Determining relevance, authority, and accuracy in search engine optimization

by Michael Martinez on June 27, 2008

There are many definitions for relevance, some of which have been proposed specifically for search engineering and/or search engine optimization. Any definition of “relevance” that speaks of quality or importance or authority misses the mark, in my opinion. Relevance has nothing to do with qualitative measurements with respect to how much a document satisfies a user’s query.

Let’s pretend you’re the Answer Man. You sit at a desk all day and people either call you, email you, or come by in person to ask you questions on all sorts of topics. Your job requires that you exercise due diligence and provide the most reasonably obtainable but satisfactorily correct answers to these questions.

A search engine, by contrast, is not expected to provide satisfactorily correct answers. That is, there is no minimum standard of truth, correctness, or authority to which any search engine can be held. The standard to which the search engines are held is best expressed as “this set of results contains the documents that we believe may be most likely to provide you with a satisfactory search experience”.

Ideally, I think every search engineer would tell you, “Yes, we want to provide our users with the absolutely best, most authoritative, easily understood and highly usable documents relevant to their queries.” But search technology is just not anywhere near that neighborhood. It needs some help.

Hence, people employ search optimization techniques in all three areas of the search environment: searchers modify their queries, search engines hedge their bets by serving multiple results and testing different algorithms, and content providers work to improve both the quality and apparent relevance of their documents.

We cut the search engines some slack for a variety of reasons. At some human level we accept that none of us is perfect and yet the search engineers do some amazing things with their technology. But we can also sit at the keyboard and type in endless variations on our queries until we find something that looks like what we are looking for.

As searchers and as search engineers we are not held to the same standard that we would be held to if we were the Answer Man.

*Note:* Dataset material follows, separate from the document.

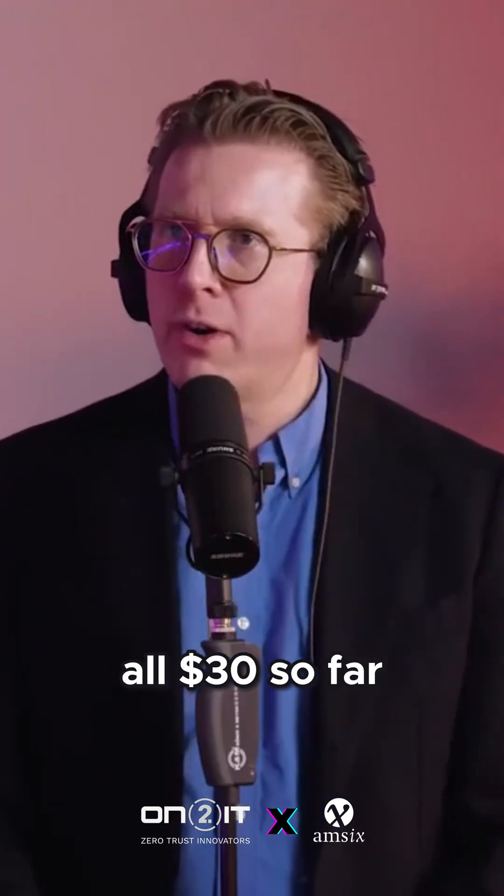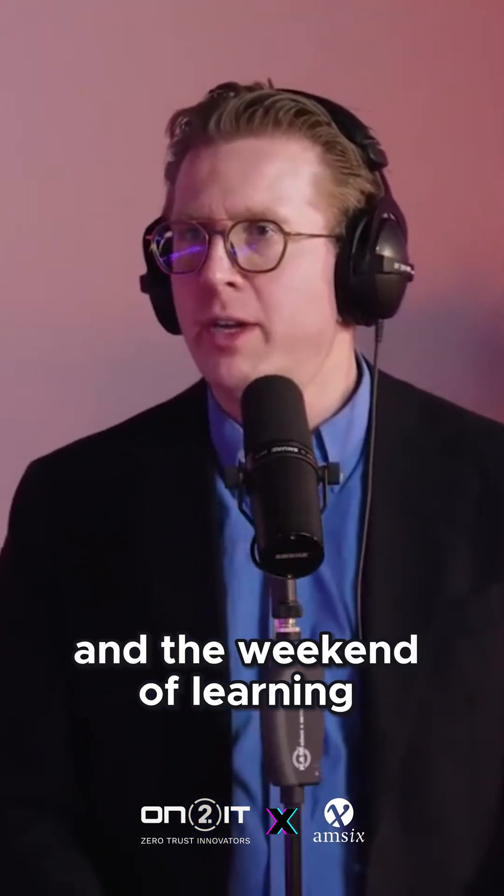The total cost of all this is about $30 so far — just a Raspberry Pi and some time: a weekend of nerding.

The Answer Man is expected to know or find the right source of information. He has to be better than anyone else at his job, otherwise he isn’t qualified to be sitting at the Answer Desk.

Hence, we ask no more of any search engine than that it provide satisfactory answers. We settle for “feel good” answers if we cannot find anything better than that (the so-called Wikipedia Principle). As search optimizers, we create answers of convenience rather than answers of authority because authority cannot be optimized or indexed.

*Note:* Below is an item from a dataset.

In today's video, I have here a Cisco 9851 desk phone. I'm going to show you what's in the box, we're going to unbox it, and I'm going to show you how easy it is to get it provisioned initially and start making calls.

That is, the number of links pointing at a document in no way establishes the correctness of the document, but it may (in a pseudo-scientific way) confer a communal badge of authority upon the document — provided the links are drawn from informed sources of opinion. Does that sound like a mish-mash of PageRank and HITS? It should.

In an ideal search environment you would indeed want to rely upon the informed opinions of expert sources of information to help you find the most authoritative resources about any topic. Unfortunately for Jon Klein and Ask, J.K. Rowling identified a very serious issue that afflicts the Web in volume. In Harry Potter and the Goblet of Fire (the fake) Professor Moody introduces the fourth year students to the three Unforgivable Curses, including the Imperious Curse.

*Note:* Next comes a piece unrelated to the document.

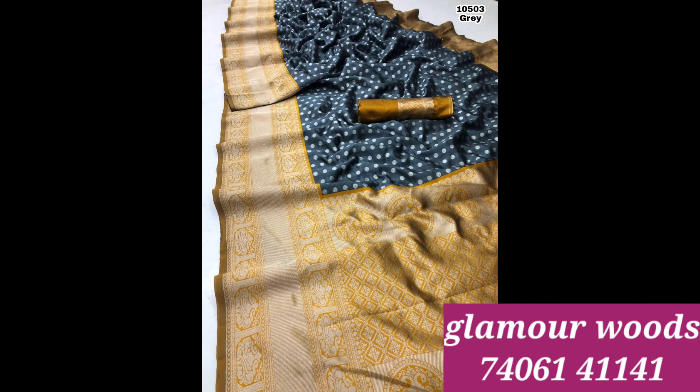Pink and blue combination. This series price is Rs. 1100 and shipping all over India is free, friends. Shipping free.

During Lord Voldemorte’s reign of terror, Moody informs his students, many Witches and Wizards claimed they were doing “you-know-who’s bidding” only because of the Imperious Curse. “Here’s the rub,” he then says: “How do you sort out the liars?”

Search engines are dealing with millions of Web sites operating under Imperious Curses. I can make any Web site relevant to any topic by placing content on that site about the topic. I can make that Web site an expert on the topic by having it point to hubs about the topic. I can make those hubs recognize my expert Web site and give it preference.

I can create 100 experts and 100 hubs and have them all link to each other. Naturally, they will link out to other experts and hubs, but my experts and hubs will be the most important experts and hubs in this huge cloud of Web sites. I can do this with sites I control and with sites other people control. I am a master of the SEO Imperious Curse.

Search engines are only as good as their programmers at identifying my subservient sites, and every time a programmer creates a filter that banishes one of my slave sites to the nether regions I learn something about what that programmer knows about spam.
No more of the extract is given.